Would make a good movie - they could call it "Rendition", or something.
Mr Obama's hypocrisy on this is as nauseating as ever, but at least there is good stuff going on behind the scenes.
Shame Gen. McChrystal was fired - he is a National hero.
Edited on May 2, 2011 at 9:41amDec '10
Re: Winners: JSOC, Obama's New National Security Team, Torture.
Big loser: Pakistan. I thought the Pakistanis had been pressured to give him up, but they were apparently desperate to hold onto that ace-in-the-hole until the bitter end. Time to tell Pakistan that they need to EARN the military and civilian aid they get from the US.
Jan '11
Re: Winners: JSOC, Obama's New National Security Team, Torture.
The Barking Dog
What perked their interest was the fact that this huge compound had no internet or telephone service.
Sherlock Holmes once solved a crime, not by pointing out a piece of evidence that was there, but by something that should have been there but wasn't (i.e., a barking dog).
It might be useful to see how many Libyan compounds just signed up for internet and telephone service ...
Apr '11
Re: Winners: JSOC, Obama's New National Security Team, Torture.
This is what I've said in other posts.
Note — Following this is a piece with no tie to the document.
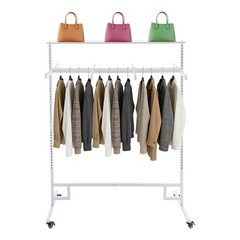 Clothing Display Rack Floor Standing Garment Rack 8 Arms Clothing Rack White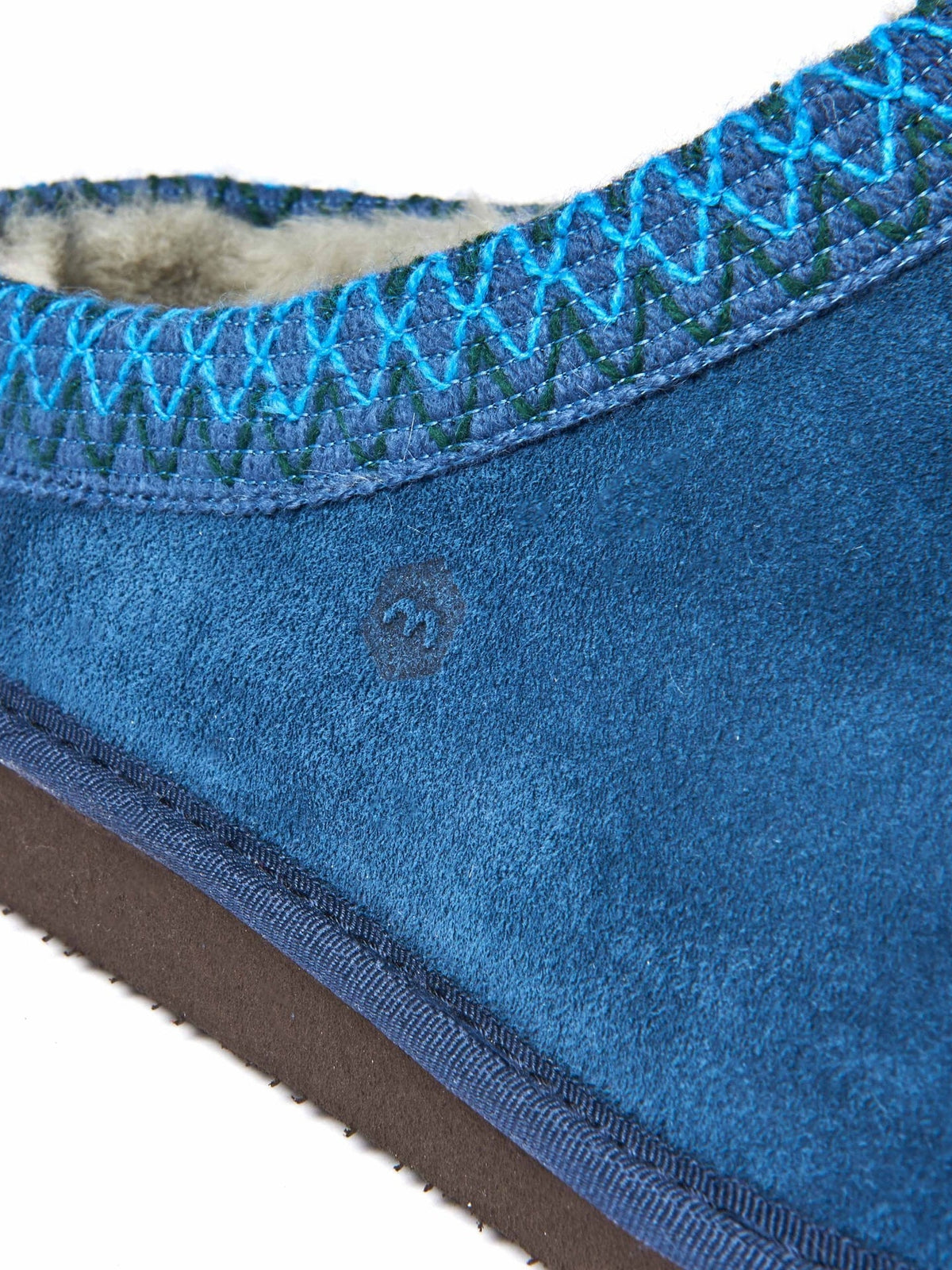 Brown men's suede fluffy mule slippers - DOCKER BROWN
The left is chest-thumping and already declaring victory in '12 for Obama. As more and more background on this whole operation becomes clearer in the upcoming days/weeks, some serious questions will be asked about how anyone can be for calling the strike that kills Osama, but be against the 99.99% of the stuff that made that last call possible. The left will be on the defensive on this issue very quickly and then watch it disappear from any mention in the MSM.